Kashmir issue there, but let’s focus on trade: Pakistan

April 8th, 2008 - 9:00 pm ICT by admin  


Islamabad/New Delhi, April 8 (IANS) Ahead of talks with India later this month, Pakistan Tuesday asserted that the Kashmir issue continues to be on top of its agenda, but it will not prevent it from increasing bilateral trade as part of a strategy to move from “conflict management to conflict resolution”. “The Kashmir issue is on the agenda in the composite dialogue. It’s one of the top issues after peace and security and stability. It will remain so,” Pakistan’s Foreign Minister Shah Mehmood Qureshi told the Dawn news channel.

“On the other hand, we feel that there are areas where we need to move on to our mutual benefit and advantage like trade,” he said.
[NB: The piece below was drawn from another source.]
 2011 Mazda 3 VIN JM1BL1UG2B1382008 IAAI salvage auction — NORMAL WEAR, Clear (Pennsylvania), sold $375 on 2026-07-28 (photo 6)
“So let’s call a spade a spade, and if enhanced trade can be used as an important confidence-building (measure) to create a more enabling environment for our movement from conflict management to conflict resolution, we should not shy away from that,” he said.

Saying that bilateral trade through official channels was worth over a billion dollars, he added that this figure did not reflect much bigger “informal” trade between the two countries.

Qureshi’s remarks echo India’s position on increasing trade and other confidence-building measures to create an atmosphere for resolving outstanding issues between the two countries.

“No, there is no question of putting the Kashmir issue on the backburner. What we plan to do is we have been approaching this problem from a particular angle,” he replied when asked if such an approach entailed putting the Kashmir issue on the backburner for a while.

“What we plan to do is we have been approaching this problem from a particular angle. Let’s try a different approach. We’re not forgetting Kashmir,” said Qureshi, a senior leader of Pakistan People’s Party (PPP).

“How can we forget Kashmir? Kashmir is important for us. It’s a very emotive issue within Pakistan. We will not forget it, we cannot forget it.”

Alluding to the recent remarks of PPP chief Asif Ali Zardari that the Kashmir issue should be set aside for resolution by future generations, Qureshi asserted that his party leader had been “misquoted”.

Foreign Secretary Shivshankar Menon, a former Indian envoy to Pakistan, is likely to travel to Islamabad later this month to review the progress of the fourth round of composite dialogue with his Pakistani counterpart Riaz Mohammad Khan.

The two sides will launch the fifth round of composite dialogue after the foreign secretary-level review of the last round.

It will be followed by a visit by External Affairs Minister Pranab Mukherjee to Islamabad in May or June.

Calling for “a greater understanding” between the two countries for peace and stability in South Asia, Qureshi said: “We are neighbours, there are many areas where we can work in harmony, where we can cooperate with each other and benefit this region and our people.”

“The new government thinks that the people of Pakistan and people of the subcontinent deserve a better quality of life. There is poverty and hunger here and we have to address these issues,” he said.

In his first remarks on the peace process with India after becoming the foreign minister, Qureshi also sought a “just and equitable” resolution to the contentious Kashmir issue.

He, however, set a positive tone for the peace process, saying Pakistan wants “friendly relations with India” and there are “signals of reciprocity” from the other side.